En troisième lieu, l'appelant n'a pas été en mesure de justifier quelle utilisation il aurait faite de cet appartement entre sa prise de location le 1er août 2014 et le début de l'activité de prostitution qu'il admet, les allégations selon lesquelles il aurait habité ce logement étant dénuées de toute crédibilité, puisqu'il disposait déjà d'un autre logement à Genève à cette époque, dont il était locataire et où il avait son domicile officiel, et qu'il n'a pas été en mesure de fournir un début de preuve étayant ses dires, alors même qu'une telle preuve aurait été relativement aisée à apporter. Ses allégations sont d'autant moins crédibles qu'il a prétendu, en audience, au mois de mars 2017, qu'il habitait toujours l'appartement litigieux, ce qui est en contradiction avec ses propres écritures.

La Cour ne peut ainsi que retenir, à l'instar des premiers juges, que l'appartement litigieux a été exploité comme salon de massages érotiques dès le début du bail.

Le fait que l'appelant ait été acquitté par le Tribunal de police du chef d'accusation d'exercice illicite de la prostitution ne modifie pas cette appréciation, au vu des éléments qui précèdent.

Le grief soulevé par l'appelant est ainsi mal fondé.

Dans la mesure où celui-ci n'en soulève pas d'autre et ne critique à juste titre pas le raisonnement juridique développé par le Tribunal, conforme à la jurisprudence sus-rappelée, le jugement entrepris sera confirmé.

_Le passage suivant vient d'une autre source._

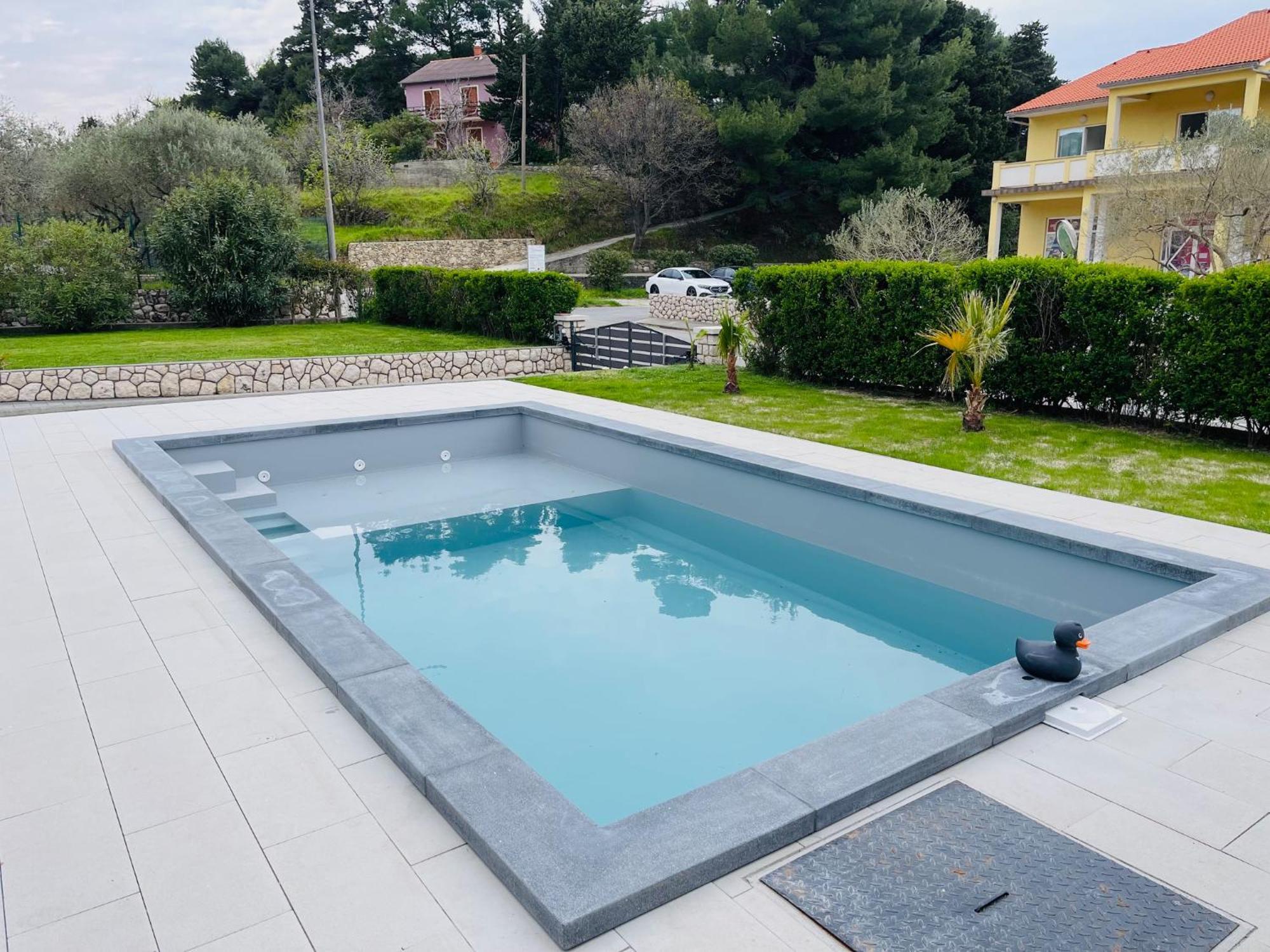 Rab Island Apartmets - Palit ราบ ภายนอก รูปภาพ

5. A teneur de l'art. 22 al. 1 LaCC, il n'est pas prélevé de frais dans les causes soumises à la juridiction des baux et loyers, étant rappelé que l'art. 116 al. 1 CPC autorise les cantons à prévoir des dispenses de frais dans d'autres litiges que ceux visés à l'art. 114 CPC (ATF 139 III 182 consid. 2.6).

* * * * *


 

PAR CES MOTIFS,
La Chambre des baux et loyers :

A la forme :

Déclare recevable l'appel interjeté le 11 septembre 2017 par A______ contre le jugement JTBL/727/2017 rendu le 11 août 2017 par le Tribunal des baux et loyers dans la cause C/3071/2015-4-OSB.

Au fond :

Confirme ce jugement.

Dit que la procédure est gratuite.

Déboute les parties de toutes autres conclusions.

Siégeant :

Madame Nathalie LANDRY-BARTHE, présidente; Madame Sylvie DROIN et Monsieur Laurent RIEBEN, juges; Monsieur Pierre STASTNY et Monsieur Bertrand REICH, juges assesseurs; Madame Maïté VALENTE, greffière.

 

La présidente :

Nathalie LANDRY-BARTHE

 

La greffière :

Maïté VALENTE

 

 

 

 

 

 

 

 

Indication des voies de recours :

 

Conformément aux art. 72 ss de la loi fédérale sur le Tribunal fédéral du 17 juin 2005 (LTF ; RS 173.110), le présent arrêt peut être porté dans les trente jours qui suivent sa notification avec expédition complète (art. 100 al. 1 LTF) par devant le Tribunal fédéral par la voie du recours en matière civile.

Le recours doit être adressé au Tribunal fédéral, 1000 Lausanne 14.

Valeur litigieuse des conclusions pécuniaires au sens de la LTF supérieure à 15'000 fr.